**Instructions for the task**
From the line containing "lalaLOOM Velvet Throw" through the last line of the records, print every line exactly and nothing more.

**Provided material**
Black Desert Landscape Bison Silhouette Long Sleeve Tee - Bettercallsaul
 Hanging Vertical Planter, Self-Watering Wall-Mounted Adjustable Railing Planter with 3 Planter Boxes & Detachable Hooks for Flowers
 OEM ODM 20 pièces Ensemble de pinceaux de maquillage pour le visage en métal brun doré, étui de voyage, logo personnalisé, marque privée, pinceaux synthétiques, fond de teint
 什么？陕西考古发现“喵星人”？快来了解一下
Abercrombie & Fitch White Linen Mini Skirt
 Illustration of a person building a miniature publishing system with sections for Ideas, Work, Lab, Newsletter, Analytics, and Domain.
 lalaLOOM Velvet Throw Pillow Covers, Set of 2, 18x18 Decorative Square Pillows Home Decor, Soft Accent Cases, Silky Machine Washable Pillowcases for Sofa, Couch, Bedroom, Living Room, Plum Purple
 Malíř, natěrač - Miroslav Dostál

**Task solution**
 lalaLOOM Velvet Throw Pillow Covers, Set of 2, 18x18 Decorative Square Pillows Home Decor, Soft Accent Cases, Silky Machine Washable Pillowcases for Sofa, Couch, Bedroom, Living Room, Plum Purple
 Malíř, natěrač - Miroslav Dostál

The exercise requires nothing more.